**THE TASK:**
Everything from the line containing "2023 Nissan Kicks SR Xtronic CVT" through the final line below must be output exactly, both ends included, with nothing else and no pictures.
-- Opening Marker --
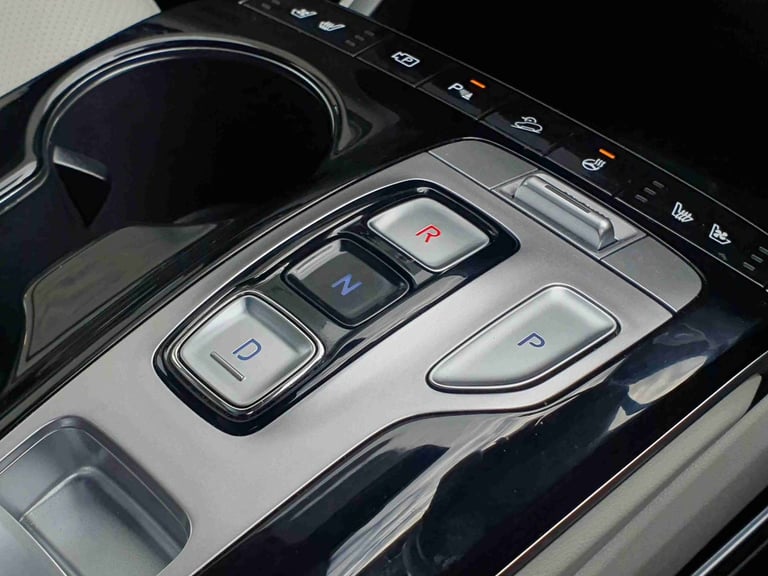 2024 Hyundai TUCSON 1.6 TGDi Hybrid 230 Ultimate 5dr 2WD Auto ESTATE PETROL/ELECTRIC Automatic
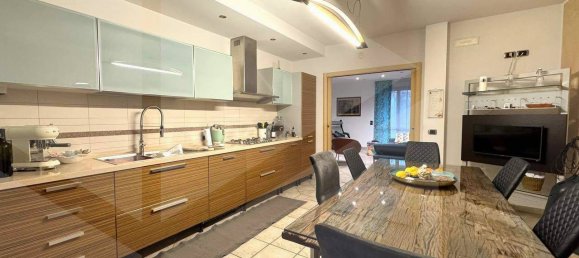 Apartamento de 6 habitaciónes en Vasto, Italy No. 24551 6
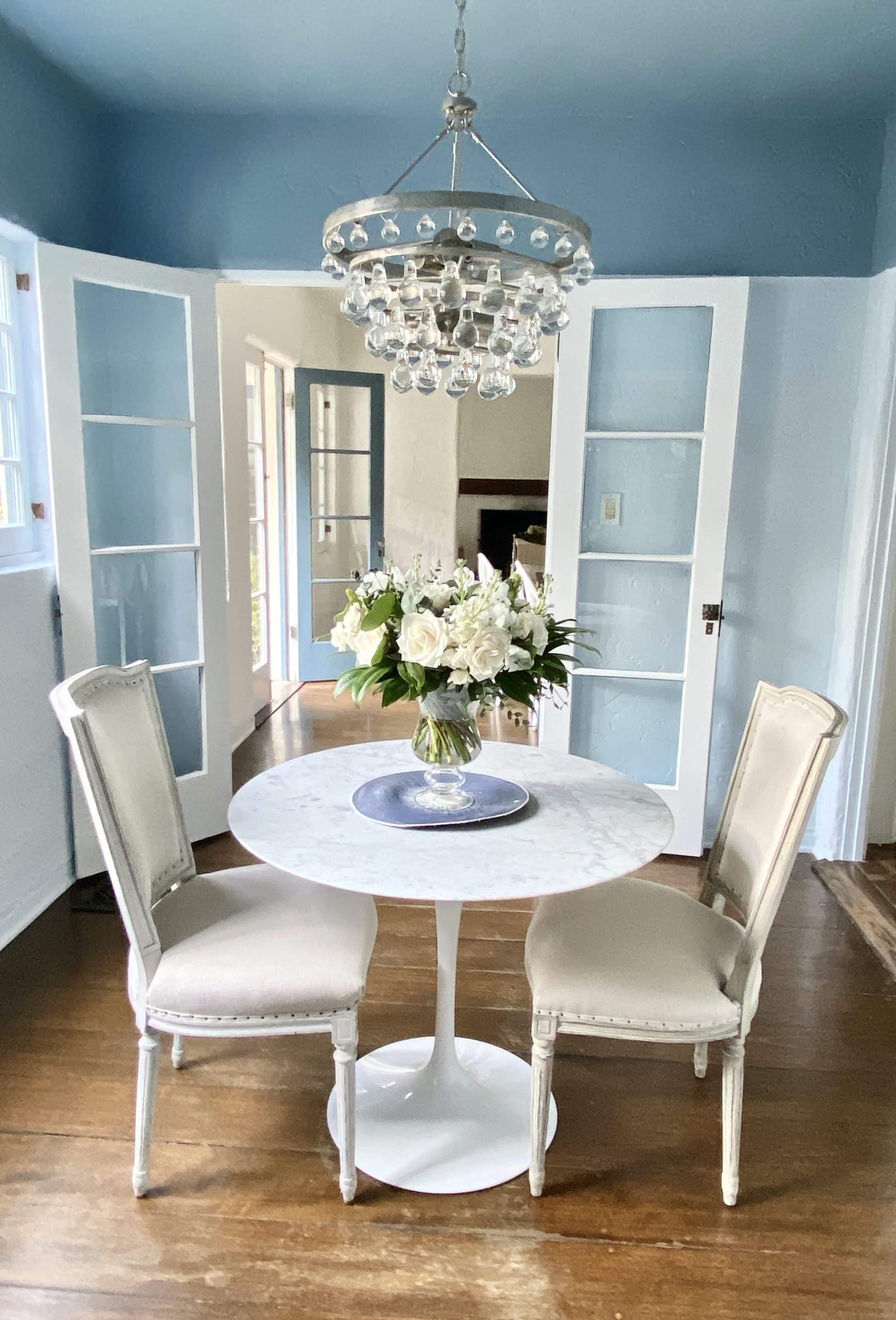 Alt tag for pretty-flowers-blue-dining-room-crystal-chandelier-white-roses-cococozy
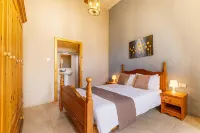 Naduri - 3 bedrooms (sleeps 7 + 2 kids) Nadur village - Homestays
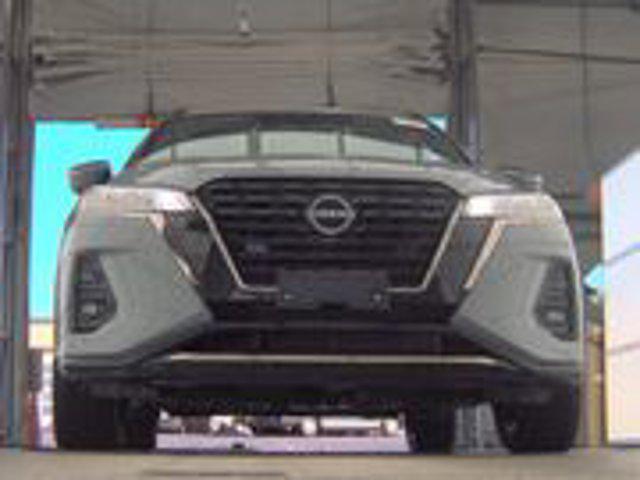 2023 Nissan Kicks SR Xtronic CVT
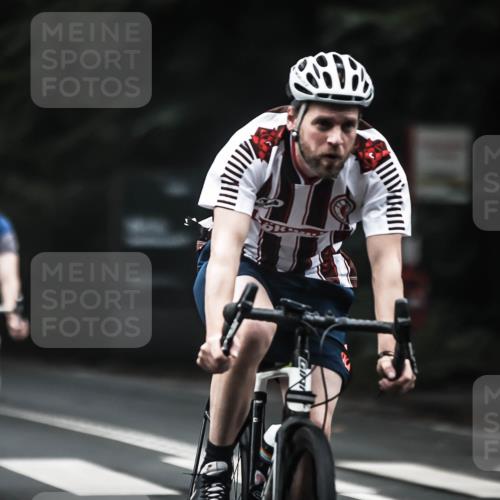 13.09.2026 - Stadtparktriathlon H.Heesch http://msf.ph/oto/10361087 13.09.2026 10:01:59 Radfahren 218, 243, 251, 257, 261, 275, 286, 308, 317, 323 meine-sportfotos.de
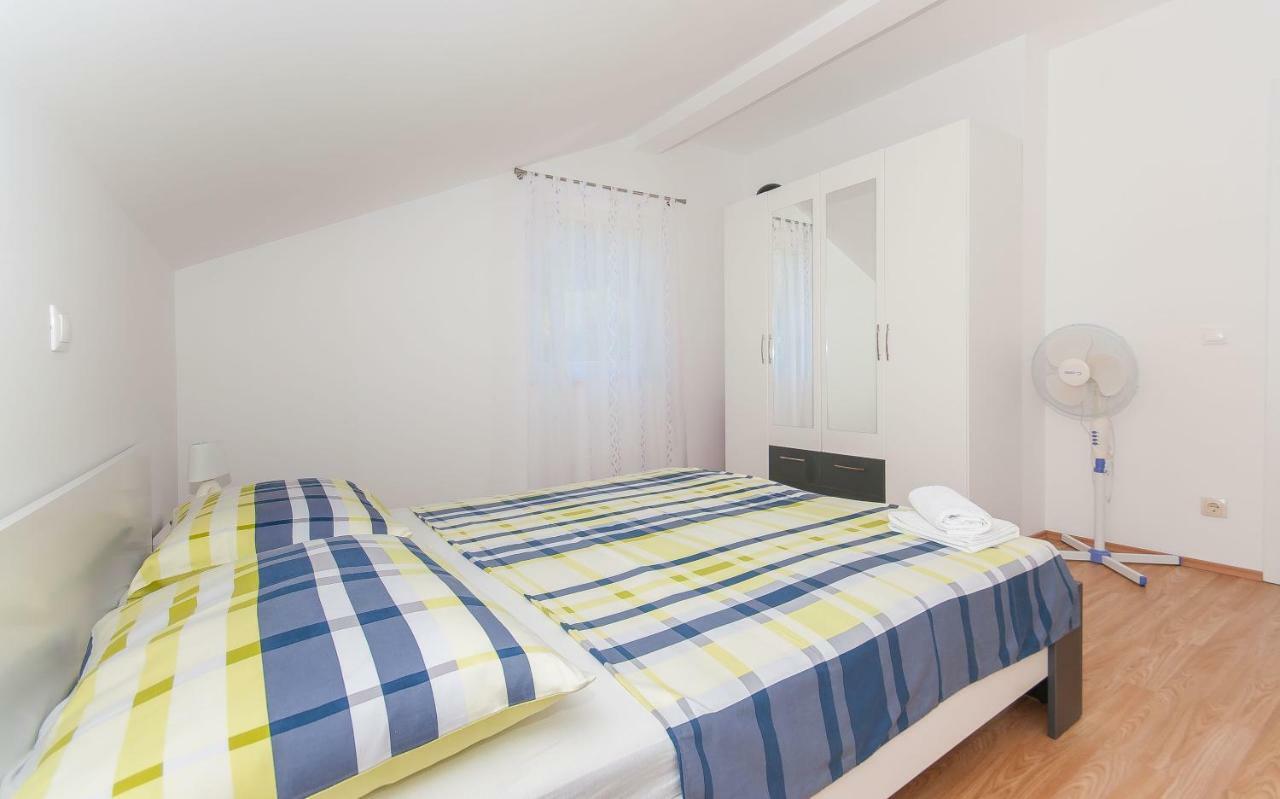 Modern Apartment Duce Luaran gambar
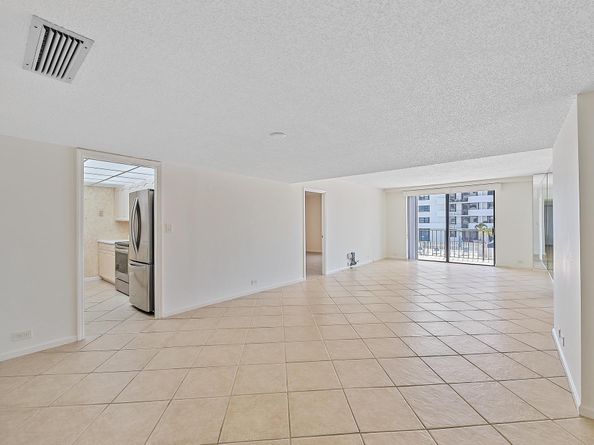 1208 Marine Way 105, North Palm Beach FL 33408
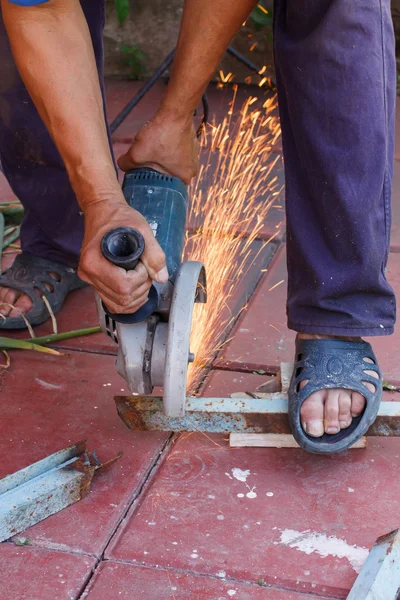 Metal sawing — Stock Photo, Image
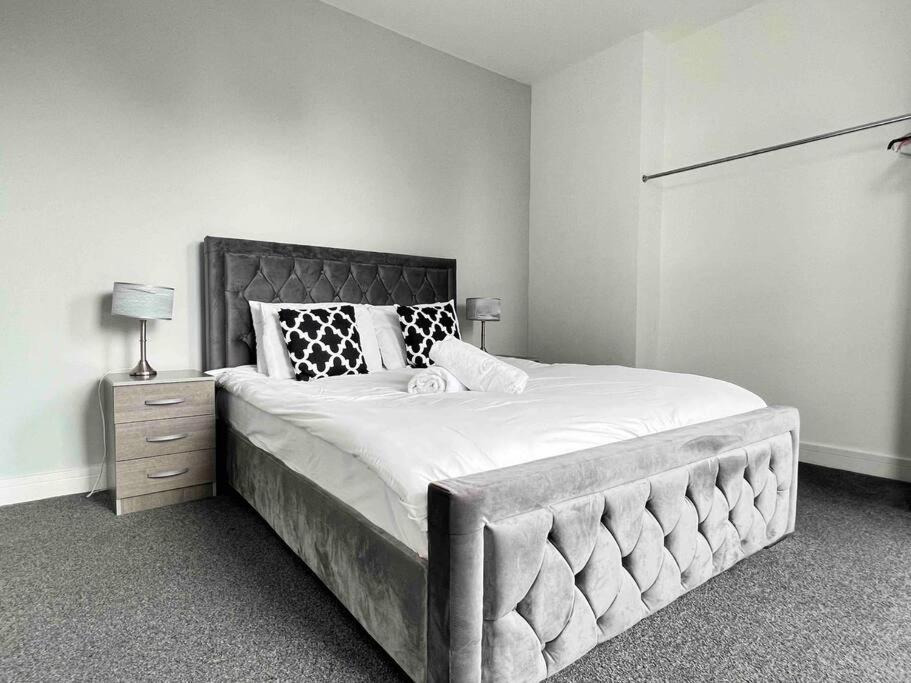 Apartment Free Parking - Cosy 2-br Flat Near Salford Royal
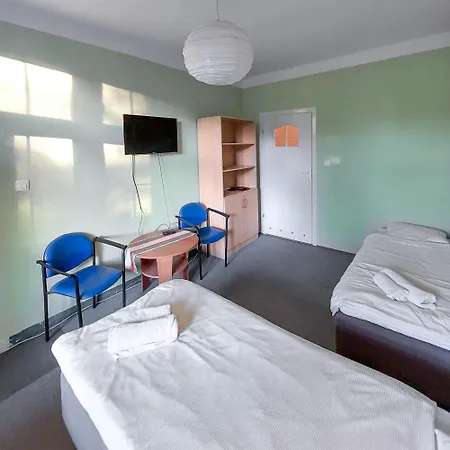 Pod Starymi Lipami Habitación en casa particular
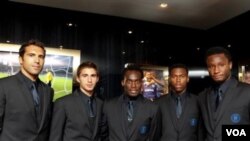John Obi Mikel (paling kanan) berfoto bersama Henrique Hilario, Fabio Borini, Michael Essien dan Daniel Sturridge di London bulan Juli 2010 (foto dok.) Ayahnya dilaporkan diculik sejak Jumat lalu dan belum ditemukan hingga saat ini.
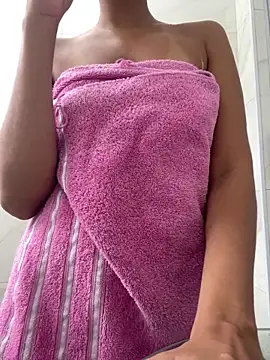 Snapshot of EweXZZ chatting on 04.09.26 EweXZZ online show from 04.09.26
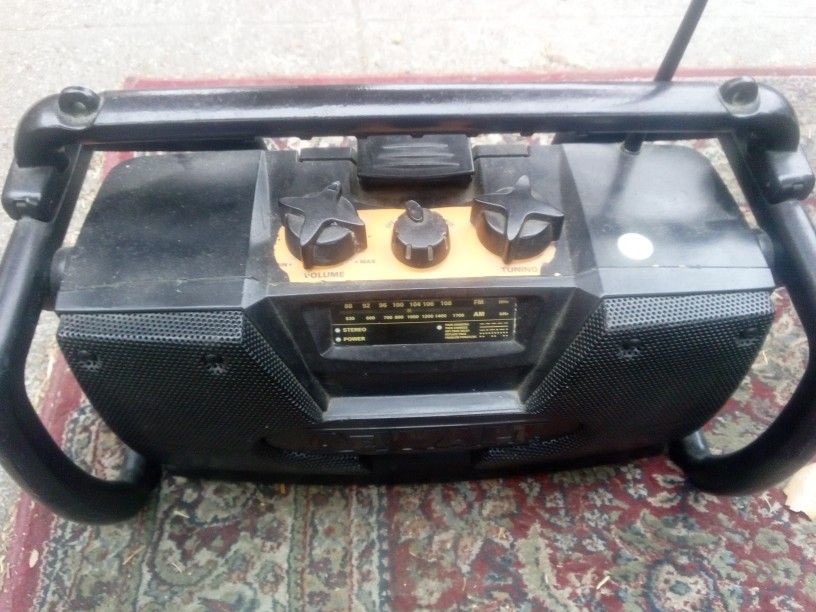 DeWalt Job site Stereo AM / FM / AUX Model DW911 Construction Radio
-- Closing Marker --
**OUTPUT FOR THIS TASK:**
 2023 Nissan Kicks SR Xtronic CVT
 13.09.2026 - Stadtparktriathlon H.Heesch http://msf.ph/oto/10361087 13.09.2026 10:01:59 Radfahren 218, 243, 251, 257, 261, 275, 286, 308, 317, 323 meine-sportfotos.de
 Modern Apartment Duce Luaran gambar
 1208 Marine Way 105, North Palm Beach FL 33408
 Metal sawing — Stock Photo, Image
 Apartment Free Parking - Cosy 2-br Flat Near Salford Royal
 Pod Starymi Lipami Habitación en casa particular
John Obi Mikel (paling kanan) berfoto bersama Henrique Hilario, Fabio Borini, Michael Essien dan Daniel Sturridge di London bulan Juli 2010 (foto dok.) Ayahnya dilaporkan diculik sejak Jumat lalu dan belum ditemukan hingga saat ini.
 Snapshot of EweXZZ chatting on 04.09.26 EweXZZ online show from 04.09.26
 DeWalt Job site Stereo AM / FM / AUX Model DW911 Construction Radio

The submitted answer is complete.